Each record below must be retyped exactly, with nothing left out.

Dataset records —

===============

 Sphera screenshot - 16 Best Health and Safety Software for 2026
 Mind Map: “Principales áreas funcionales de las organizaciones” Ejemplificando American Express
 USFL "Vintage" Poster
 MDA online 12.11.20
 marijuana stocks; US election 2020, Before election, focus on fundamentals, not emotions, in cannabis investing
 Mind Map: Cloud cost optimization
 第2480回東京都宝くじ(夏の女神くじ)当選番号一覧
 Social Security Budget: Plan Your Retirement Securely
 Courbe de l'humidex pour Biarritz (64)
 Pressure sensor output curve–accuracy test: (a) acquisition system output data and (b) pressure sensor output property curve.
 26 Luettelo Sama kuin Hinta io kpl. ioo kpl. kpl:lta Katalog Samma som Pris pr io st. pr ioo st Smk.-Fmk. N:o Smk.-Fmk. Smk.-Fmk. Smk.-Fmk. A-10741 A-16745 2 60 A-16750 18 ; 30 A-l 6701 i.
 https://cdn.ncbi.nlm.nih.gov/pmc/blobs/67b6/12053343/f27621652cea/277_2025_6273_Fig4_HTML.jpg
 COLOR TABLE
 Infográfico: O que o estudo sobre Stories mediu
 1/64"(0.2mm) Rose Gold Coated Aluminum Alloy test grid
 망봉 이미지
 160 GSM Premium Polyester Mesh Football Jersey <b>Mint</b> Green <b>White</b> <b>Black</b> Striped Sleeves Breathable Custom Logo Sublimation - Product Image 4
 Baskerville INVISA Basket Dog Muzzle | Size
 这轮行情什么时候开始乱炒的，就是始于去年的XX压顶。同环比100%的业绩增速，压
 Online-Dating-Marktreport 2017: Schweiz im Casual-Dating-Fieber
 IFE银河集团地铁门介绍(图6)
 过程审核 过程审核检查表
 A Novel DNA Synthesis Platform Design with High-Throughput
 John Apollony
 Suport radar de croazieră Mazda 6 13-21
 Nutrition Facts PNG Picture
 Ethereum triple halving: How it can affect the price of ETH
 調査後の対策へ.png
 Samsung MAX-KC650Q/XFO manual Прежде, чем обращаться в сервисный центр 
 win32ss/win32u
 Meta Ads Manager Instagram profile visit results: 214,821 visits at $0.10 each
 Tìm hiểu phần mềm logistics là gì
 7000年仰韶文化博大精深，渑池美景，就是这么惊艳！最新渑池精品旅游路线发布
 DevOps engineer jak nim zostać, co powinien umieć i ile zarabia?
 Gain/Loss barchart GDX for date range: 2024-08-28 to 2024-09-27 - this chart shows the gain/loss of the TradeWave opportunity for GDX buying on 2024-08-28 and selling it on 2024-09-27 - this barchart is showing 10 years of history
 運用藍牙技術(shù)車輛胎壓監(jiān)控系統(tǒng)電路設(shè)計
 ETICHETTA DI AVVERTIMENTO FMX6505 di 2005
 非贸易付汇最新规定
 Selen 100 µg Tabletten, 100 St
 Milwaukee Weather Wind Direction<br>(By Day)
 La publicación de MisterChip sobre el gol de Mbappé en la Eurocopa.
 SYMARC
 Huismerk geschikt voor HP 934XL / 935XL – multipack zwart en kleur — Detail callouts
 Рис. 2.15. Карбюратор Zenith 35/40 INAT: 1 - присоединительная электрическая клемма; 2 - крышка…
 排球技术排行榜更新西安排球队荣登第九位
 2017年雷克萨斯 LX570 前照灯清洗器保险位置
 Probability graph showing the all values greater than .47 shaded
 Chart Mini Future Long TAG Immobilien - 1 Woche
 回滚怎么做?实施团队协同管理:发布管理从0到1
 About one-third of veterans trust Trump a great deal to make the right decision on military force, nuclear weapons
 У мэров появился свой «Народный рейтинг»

===============

Reply to the exercise —
 Sphera screenshot - 16 Best Health and Safety Software for 2026
 Mind Map: “Principales áreas funcionales de las organizaciones” Ejemplificando American Express
 USFL "Vintage" Poster
 MDA online 12.11.20
 marijuana stocks; US election 2020, Before election, focus on fundamentals, not emotions, in cannabis investing
 Mind Map: Cloud cost optimization
 第2480回東京都宝くじ(夏の女神くじ)当選番号一覧
 Social Security Budget: Plan Your Retirement Securely
 Courbe de l'humidex pour Biarritz (64)
 Pressure sensor output curve–accuracy test: (a) acquisition system output data and (b) pressure sensor output property curve.
 26 Luettelo Sama kuin Hinta io kpl. ioo kpl. kpl:lta Katalog Samma som Pris pr io st. pr ioo st Smk.-Fmk. N:o Smk.-Fmk. Smk.-Fmk. Smk.-Fmk. A-10741 A-16745 2 60 A-16750 18 ; 30 A-l 6701 i.
 https://cdn.ncbi.nlm.nih.gov/pmc/blobs/67b6/12053343/f27621652cea/277_2025_6273_Fig4_HTML.jpg
 COLOR TABLE
 Infográfico: O que o estudo sobre Stories mediu
 1/64"(0.2mm) Rose Gold Coated Aluminum Alloy test grid
 망봉 이미지
 160 GSM Premium Polyester Mesh Football Jersey <b>Mint</b> Green <b>White</b> <b>Black</b> Striped Sleeves Breathable Custom Logo Sublimation - Product Image 4
 Baskerville INVISA Basket Dog Muzzle | Size
 这轮行情什么时候开始乱炒的，就是始于去年的XX压顶。同环比100%的业绩增速，压
 Online-Dating-Marktreport 2017: Schweiz im Casual-Dating-Fieber
 IFE银河集团地铁门介绍(图6)
 过程审核 过程审核检查表
 A Novel DNA Synthesis Platform Design with High-Throughput
 John Apollony
 Suport radar de croazieră Mazda 6 13-21
 Nutrition Facts PNG Picture
 Ethereum triple halving: How it can affect the price of ETH
 調査後の対策へ.png
 Samsung MAX-KC650Q/XFO manual Прежде, чем обращаться в сервисный центр 
 win32ss/win32u
 Meta Ads Manager Instagram profile visit results: 214,821 visits at $0.10 each
 Tìm hiểu phần mềm logistics là gì
 7000年仰韶文化博大精深，渑池美景，就是这么惊艳！最新渑池精品旅游路线发布
 DevOps engineer jak nim zostać, co powinien umieć i ile zarabia?
 Gain/Loss barchart GDX for date range: 2024-08-28 to 2024-09-27 - this chart shows the gain/loss of the TradeWave opportunity for GDX buying on 2024-08-28 and selling it on 2024-09-27 - this barchart is showing 10 years of history
 運用藍牙技術(shù)車輛胎壓監(jiān)控系統(tǒng)電路設(shè)計
 ETICHETTA DI AVVERTIMENTO FMX6505 di 2005
 非贸易付汇最新规定
 Selen 100 µg Tabletten, 100 St
 Milwaukee Weather Wind Direction<br>(By Day)
 La publicación de MisterChip sobre el gol de Mbappé en la Eurocopa.
 SYMARC
 Huismerk geschikt voor HP 934XL / 935XL – multipack zwart en kleur — Detail callouts
 Рис. 2.15. Карбюратор Zenith 35/40 INAT: 1 - присоединительная электрическая клемма; 2 - крышка…
 排球技术排行榜更新西安排球队荣登第九位
 2017年雷克萨斯 LX570 前照灯清洗器保险位置
 Probability graph showing the all values greater than .47 shaded
 Chart Mini Future Long TAG Immobilien - 1 Woche
 回滚怎么做?实施团队协同管理:发布管理从0到1
 About one-third of veterans trust Trump a great deal to make the right decision on military force, nuclear weapons
 У мэров появился свой «Народный рейтинг»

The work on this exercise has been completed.